**Data for this exercise:**
━━━━━━
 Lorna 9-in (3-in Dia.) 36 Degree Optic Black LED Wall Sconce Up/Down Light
━━━━━━
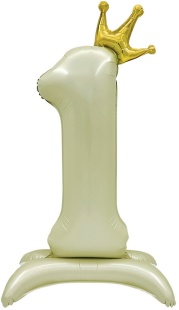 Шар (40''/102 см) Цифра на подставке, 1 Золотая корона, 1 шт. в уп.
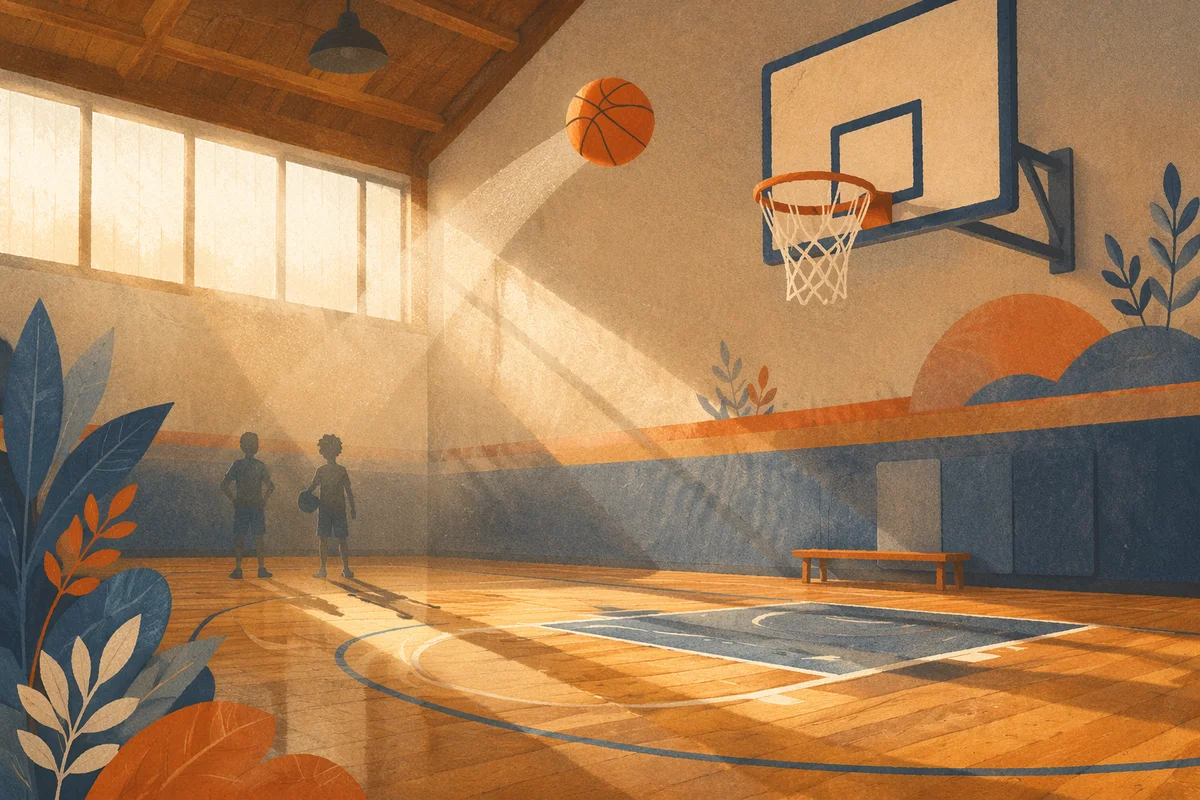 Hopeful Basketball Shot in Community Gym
━━━━━━
Exactly the lines above, from the one containing "Шар (40''/102 см)" down to the one containing "Hopeful Basketball Shot in Community Gym", are to be repeated, including both ends. Pictures are not part of the copy.

**Exercise solution:**
 Шар (40''/102 см) Цифра на подставке, 1 Золотая корона, 1 шт. в уп.
 Hopeful Basketball Shot in Community Gym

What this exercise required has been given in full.